What Is WordPress? We Explain Here

WordPress is a free and open-source content management system that works with a MySQL or MariaDB database and supports HTTPS. A plugin architecture and a template system, known as “Themes” in WordPress, are features.

As of October 2021, 42.8% of the top 10 million websites used WordPress, one of the most widely used content management system options.

The creators of WordPress, American developer Matt Mullenweg and English developer Mike Little, launched it on May 27, 2003, as a fork of b2/cafelog.

WordPress “creates websites like a factory” is a key analogy used to explain how WordPress works. It allows users to develop and publish webpages while storing information, all they need is a name and hosting service.

WordPress uses a template processor in its web template system. It has a front controller design that routes all requests for URIs that aren’t static to a single PHP file that parses the URI and determines the target page. This enables support for permalinks that are more readable by humans.

Users of WordPress can install and switch between a wide variety of themes. Themes let users modify a WordPress website’s appearance and features without changing the site’s fundamental code or content. There must be at least one theme on every WordPress website. The WordPress theme repository, usually referred to as the directory, contains a large number of free themes, while marketplaces and individual WordPress developers sell premium themes as well. Users of WordPress can also design and develop their own original themes.

Plugin architecture

Users can increase the features and functionality of a website or blog thanks to WordPress’ plugin architecture. As of December 2021, there were 59,756 plugins accessible on, each of which offered unique features and capabilities that let users customise their websites to suit their particular requirements. Search engine optimisation, client portals that provide private information to logged-in users, content management systems, and content displaying features like the addition of widgets and navigation bars are a few examples of these changes.

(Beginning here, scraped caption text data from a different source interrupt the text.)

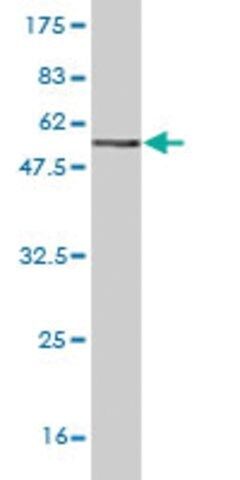 Monoclonal Anti-PSMD9 antibody produced in mouse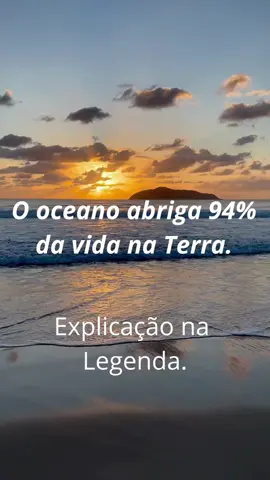 O vasto oceano cobre cerca de 71% da superfície do nosso planeta e é o lar de 94% da vida marinha. De gigantes como baleias e tubarões a pequenas criaturas bioluminescentes, os oceanos são um dos maiores e mais misteriosos ecossistemas da Terra. Eles desempenham um papel crucial no equilíbrio climático e na produção de oxigênio. A próxima vez que você estiver à beira-mar, lembre-se de que está diante de um imenso e vital lar de vida. #terra #oceano #dicas #curiosidades #viral 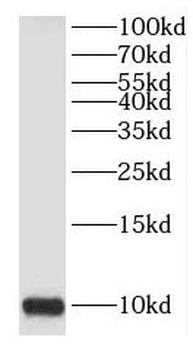 HIGD1A Antibody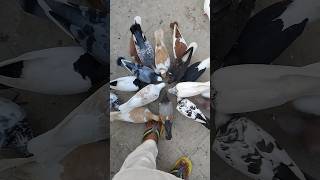 Kabotar Bazi Video ❤️💫 youtube pigeon kabutar shorts love whatsapp viral [upl. by Hannavas]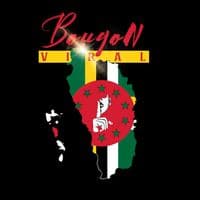 TikTok Account - bouyonviral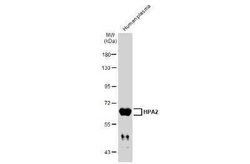 HPSE2 Antibody, Novus Biologicals 100 &mu;g | Buy Online | Novus Biologicals | Fisher Scientific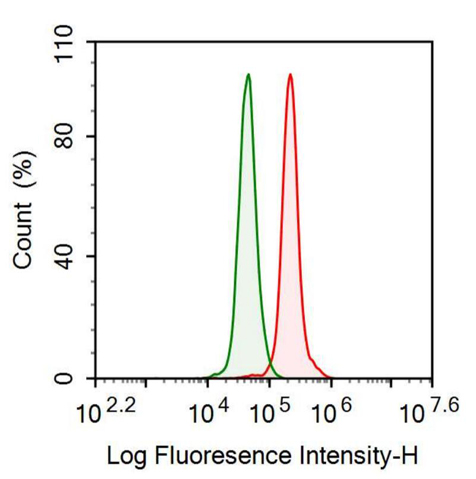 Anti-Lumican (LUM) Polyclonal Antibody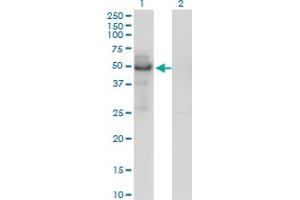 Western Blotting (WB) image for anti-Phospholipid Transfer Protein (PLTP) (AA 1-422) antibody (ABIN466078) (PLTP antibody  (AA 1-422))
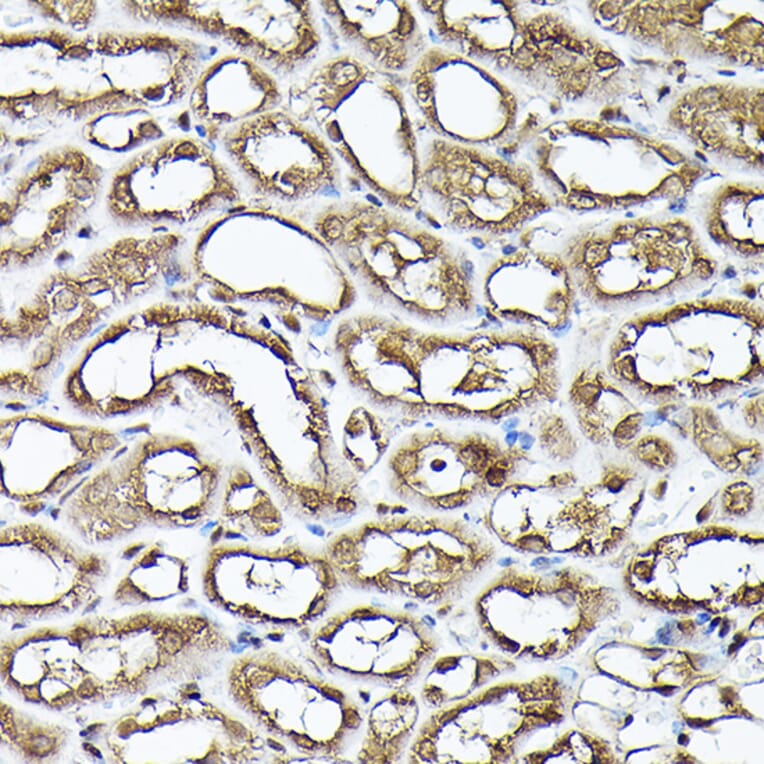 Immunohistochemistry - Anti-GAPDH Antibody (A92899) - Antibodies.com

WordPress also has integrated link management, a clean, search engine-friendly permalink structure, the capacity to categorise posts into numerous categories, and assistance with post tagging. Additionally, automatic filters are present, giving postings’ text with uniform formatting and layout.

WordPress Multisites, also known as WordPress Multi-User, WordPress MU, or WPMU, is a fork of the WordPress software that enables numerous blogs to coexist in a single installation while still being manageable by a single maintainer. With WordPress MU, website owners can host their own blogging communities and manage and monitor all of the blogs from a single dashboard. For each blog, WordPress MU adds eight new data tables.